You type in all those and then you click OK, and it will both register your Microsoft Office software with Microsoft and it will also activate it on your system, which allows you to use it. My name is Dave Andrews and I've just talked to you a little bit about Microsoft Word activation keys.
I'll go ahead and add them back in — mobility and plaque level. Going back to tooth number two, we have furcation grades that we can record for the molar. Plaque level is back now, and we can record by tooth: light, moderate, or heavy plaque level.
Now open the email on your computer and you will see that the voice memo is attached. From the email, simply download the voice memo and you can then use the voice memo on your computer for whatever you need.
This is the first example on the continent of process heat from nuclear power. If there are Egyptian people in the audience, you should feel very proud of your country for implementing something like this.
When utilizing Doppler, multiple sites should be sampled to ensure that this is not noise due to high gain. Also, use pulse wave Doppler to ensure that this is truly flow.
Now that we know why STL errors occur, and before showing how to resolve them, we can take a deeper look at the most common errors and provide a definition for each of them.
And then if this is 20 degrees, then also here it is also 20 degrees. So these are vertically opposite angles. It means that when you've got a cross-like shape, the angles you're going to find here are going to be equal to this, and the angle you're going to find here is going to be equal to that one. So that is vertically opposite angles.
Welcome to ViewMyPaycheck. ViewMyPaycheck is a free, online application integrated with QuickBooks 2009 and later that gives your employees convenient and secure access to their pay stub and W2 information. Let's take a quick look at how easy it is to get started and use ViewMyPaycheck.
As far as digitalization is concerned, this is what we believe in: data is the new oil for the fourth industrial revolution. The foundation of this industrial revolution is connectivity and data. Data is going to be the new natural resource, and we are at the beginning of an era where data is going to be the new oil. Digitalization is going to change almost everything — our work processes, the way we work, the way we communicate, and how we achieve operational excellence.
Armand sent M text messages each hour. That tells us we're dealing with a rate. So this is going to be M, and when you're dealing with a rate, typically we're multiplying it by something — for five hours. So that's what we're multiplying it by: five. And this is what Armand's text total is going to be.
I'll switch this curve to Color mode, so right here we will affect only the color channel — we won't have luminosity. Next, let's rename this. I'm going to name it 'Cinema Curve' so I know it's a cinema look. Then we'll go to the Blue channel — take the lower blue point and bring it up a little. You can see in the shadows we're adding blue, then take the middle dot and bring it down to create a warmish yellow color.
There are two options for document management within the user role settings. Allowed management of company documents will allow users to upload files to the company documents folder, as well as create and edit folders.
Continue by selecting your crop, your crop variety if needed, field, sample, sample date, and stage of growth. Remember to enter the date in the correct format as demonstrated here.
.....
■ What is expected
In how many lines of the data does the word "take" appear? Respond with the number and nothing more.

■ Response box
3